Wednesday, April 19, 2006

Debian vs Ubuntu - Part II

Before, here's part I .

Don't get me wrong. I don't think Debian is hard __at_all__.
By far, Debian is one of the best GNU/Linux distribution in simplifying life of its users.

What I mean is like this, in Debian, I can do many things much easily/confidently than in Ubuntu. Like auto-configuration of network, for example. In debian, I can just do `apt-get install laptop-net`, edit some configuration files, and 'Bismillah', I get network auto-configuration, which is very important for travelling laptop user like me.

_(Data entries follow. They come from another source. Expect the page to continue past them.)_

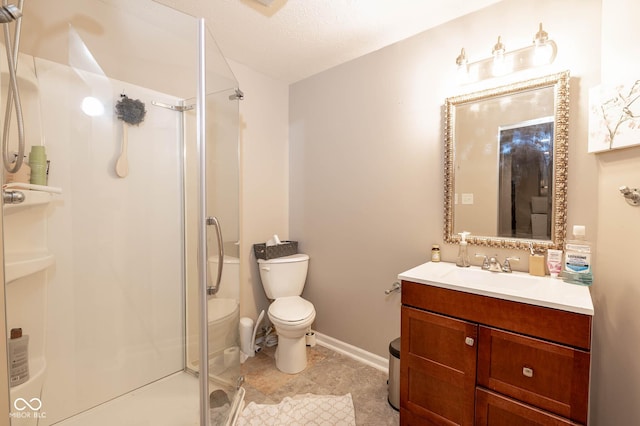 full bathroom featuring baseboards, vanity, toilet, and a shower stall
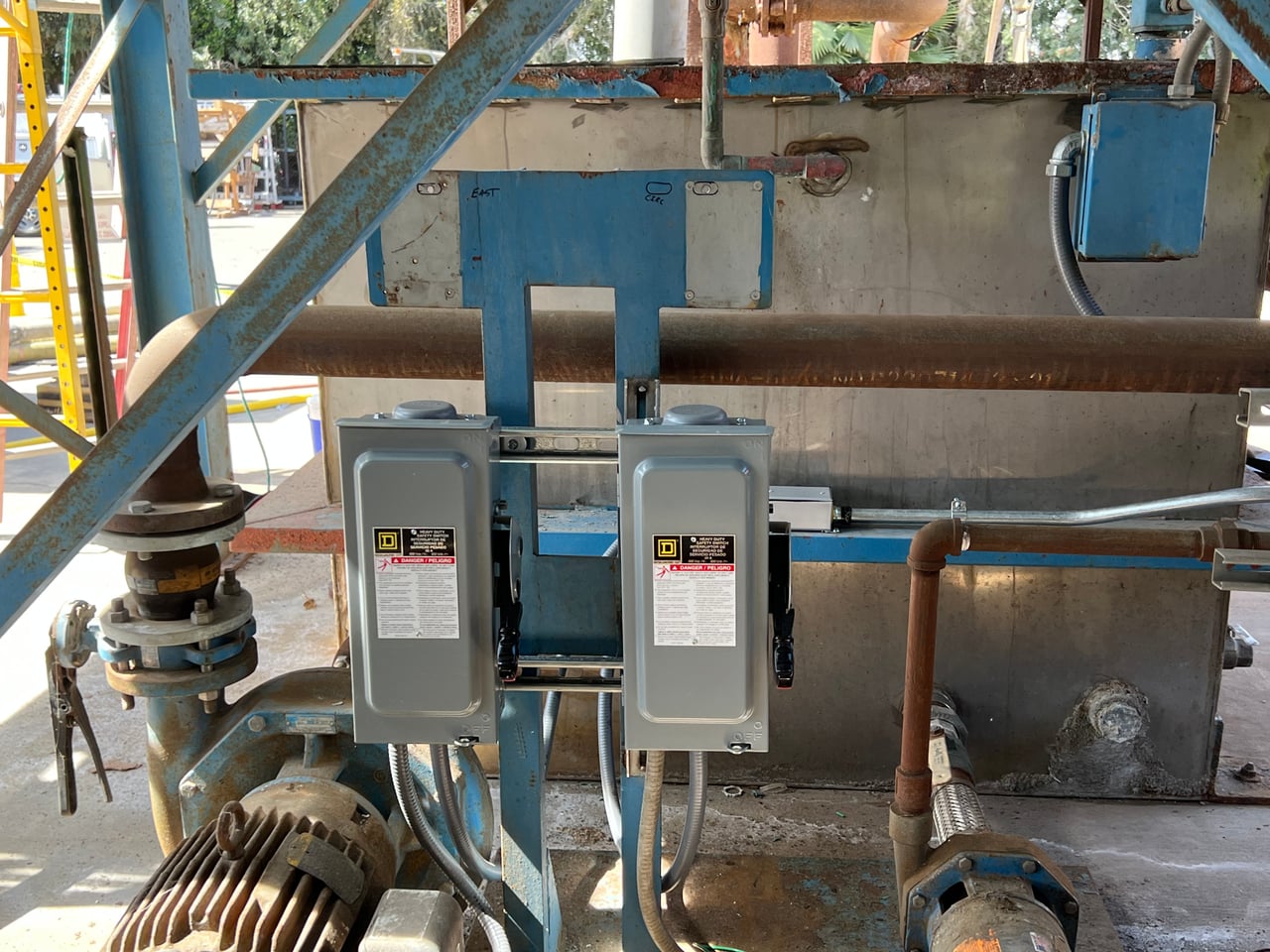 Electrical disconnect switches and conduit installed beside Trulite cooling tower equipment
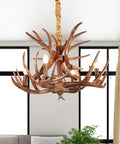 Rustic Antler Chandelier With Four Lights Small Deer Horn Pendant Lamp in resin candle style, dining room setting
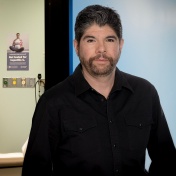 Anthony Martinez is standing in a hallway outside an exam room where there is a poster on the wall about pregnancy and hepatitis C. 
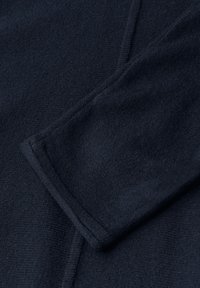 Marineblaue Stoff mit glatter Textur und sichtbaren Nähten. Besitzt einen umgeschlagenen Ärmel, der das weiche Material und die klaren Linien betont.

Sure I can do the same in Ubuntu, but it just felt not right. With much of its customization, like the great job they done for power management, these kinds of things should've also at least been made simpler to configure, if not zero-configuration.

Even power management in Ubuntu still has some flaws, like hibernation that takes too long. This, I suspect because they are using in-kernel swsusp instead of the still out-kernel suspend2 which, by my experience, is faster and quite stable. I don't have a problem with this, if Ubuntu also provide ways to change to suspend2 easily. By now, I don't think Ubuntu provide this (and other kernel-related tweaking). Please CMIIW.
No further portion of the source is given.